**DATASET CONTENT**
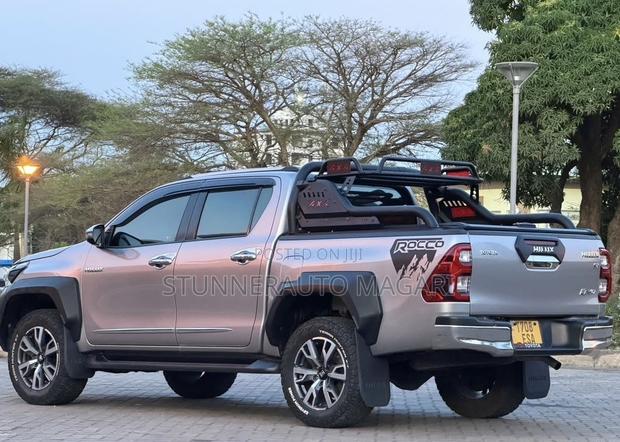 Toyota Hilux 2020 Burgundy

--

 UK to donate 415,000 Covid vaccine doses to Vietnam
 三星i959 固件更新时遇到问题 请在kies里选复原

==

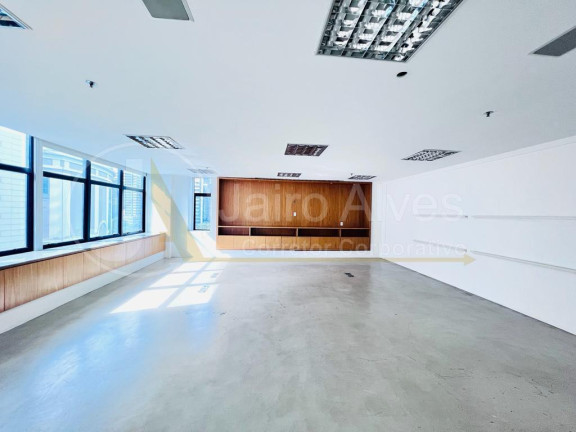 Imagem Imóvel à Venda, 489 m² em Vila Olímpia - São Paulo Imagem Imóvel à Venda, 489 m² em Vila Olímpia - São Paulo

**WORK TO BE COMPLETED**
Retype, in the same exact form, the lines of the material above from the line holding "UK to donate" through the line holding "三星i959 固件更新时遇到问题 请在kies里选复原".

**WRITTEN SOLUTION**
 UK to donate 415,000 Covid vaccine doses to Vietnam
 三星i959 固件更新时遇到问题 请在kies里选复原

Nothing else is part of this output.